Taxon name rescrubbing

  • Nicole and Jerry are working on the problem with a rare, problematic name causing the TNRS development server to crash. 
  • The scrubbing is again running in the background.
  • Aaron needs to should not do any other work on taxon scrubbing in order to get the draft Data Dictionary completed by Monday.
    • After the Data Dictionary has been reviewed and is satisfactory, return to the taxon scrubbing task.


  • The top priority is now to get the Data Dictionary drafted by 5 PM Monday, June 9th.
  • It would be good if the taxon name scrubbing could continue running in the background, but if additional problems crop up, do not let them become a distraction.
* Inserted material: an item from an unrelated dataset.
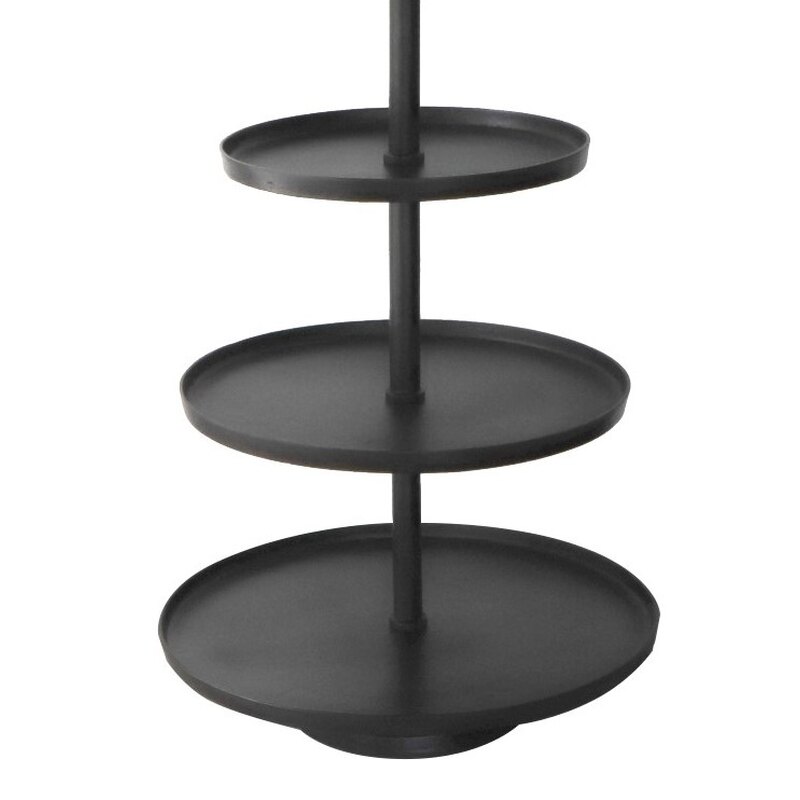 Kolmekordne EXTRA lai must korrusvaagen H95cm alum 63cm/kesk 55cm/ülem 44 cm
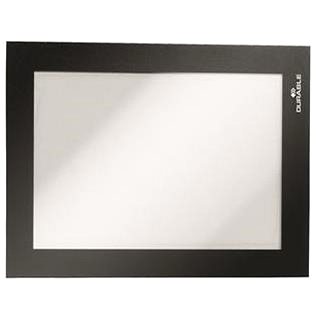 

DURABLE Duraframe, samolepicí, A6, černý - balení 2 ks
File a bug report, contact iPlant support and return to working on the Data Dictionary.

To Do


  • In the table with definitions add a column for the database table the terms come from.
  • For derived terms describe how they are derived and provide the provenance of the term.
  • Include both the definition from VegCore and the link to the source it came from
  • To get started, create the definitions, with links to the source, for about 6 terms this by sometime this evening.
    • Send them to Martha (and Mark) for feedback.
  • Continue working on defining terms to get as many as possible done before the Friday call.


  • Provide feedback on the initial set of terms Aaron sends out.

Mark, Martha, Aaron

  • Have a call at 9 AM tomorrow, Friday, June 6th, to review what Aaron has gotten done on the Data Dictionary.